Collection entries:
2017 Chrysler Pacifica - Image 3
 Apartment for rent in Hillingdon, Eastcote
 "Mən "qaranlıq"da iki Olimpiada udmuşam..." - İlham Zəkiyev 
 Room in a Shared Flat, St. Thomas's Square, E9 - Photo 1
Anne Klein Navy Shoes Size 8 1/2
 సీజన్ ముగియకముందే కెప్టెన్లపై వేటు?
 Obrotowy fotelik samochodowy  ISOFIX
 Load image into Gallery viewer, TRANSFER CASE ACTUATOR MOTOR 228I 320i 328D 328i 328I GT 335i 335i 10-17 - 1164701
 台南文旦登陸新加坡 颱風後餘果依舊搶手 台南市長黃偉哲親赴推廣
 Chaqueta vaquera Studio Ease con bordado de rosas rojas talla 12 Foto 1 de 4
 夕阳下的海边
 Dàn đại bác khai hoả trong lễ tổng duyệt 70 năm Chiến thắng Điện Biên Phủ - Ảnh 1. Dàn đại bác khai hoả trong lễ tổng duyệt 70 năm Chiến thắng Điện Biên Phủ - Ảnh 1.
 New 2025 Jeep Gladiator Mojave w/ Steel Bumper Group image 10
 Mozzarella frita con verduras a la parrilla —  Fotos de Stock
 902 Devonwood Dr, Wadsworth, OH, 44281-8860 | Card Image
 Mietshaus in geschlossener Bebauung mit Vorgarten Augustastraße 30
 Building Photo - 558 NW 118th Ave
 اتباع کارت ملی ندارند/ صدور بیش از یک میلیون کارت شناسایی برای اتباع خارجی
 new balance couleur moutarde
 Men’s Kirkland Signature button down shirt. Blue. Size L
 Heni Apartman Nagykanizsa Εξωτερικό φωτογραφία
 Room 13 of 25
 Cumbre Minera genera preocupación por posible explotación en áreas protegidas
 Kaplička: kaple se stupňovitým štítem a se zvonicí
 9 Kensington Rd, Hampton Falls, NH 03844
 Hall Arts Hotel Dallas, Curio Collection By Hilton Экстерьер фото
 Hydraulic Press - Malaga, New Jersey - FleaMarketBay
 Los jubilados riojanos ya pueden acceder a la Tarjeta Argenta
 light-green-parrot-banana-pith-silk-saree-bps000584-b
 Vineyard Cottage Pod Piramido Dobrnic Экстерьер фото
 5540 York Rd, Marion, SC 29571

◆ Task directions
All lines above from the one containing "Mietshaus in geschlossener" to the one containing "Los jubilados riojanos" must be repeated exactly, both lines included, and no others.

◆ Written answer
 Mietshaus in geschlossener Bebauung mit Vorgarten Augustastraße 30
 Building Photo - 558 NW 118th Ave
 اتباع کارت ملی ندارند/ صدور بیش از یک میلیون کارت شناسایی برای اتباع خارجی
 new balance couleur moutarde
 Men’s Kirkland Signature button down shirt. Blue. Size L
 Heni Apartman Nagykanizsa Εξωτερικό φωτογραφία
 Room 13 of 25
 Cumbre Minera genera preocupación por posible explotación en áreas protegidas
 Kaplička: kaple se stupňovitým štítem a se zvonicí
 9 Kensington Rd, Hampton Falls, NH 03844
 Hall Arts Hotel Dallas, Curio Collection By Hilton Экстерьер фото
 Hydraulic Press - Malaga, New Jersey - FleaMarketBay
 Los jubilados riojanos ya pueden acceder a la Tarjeta Argenta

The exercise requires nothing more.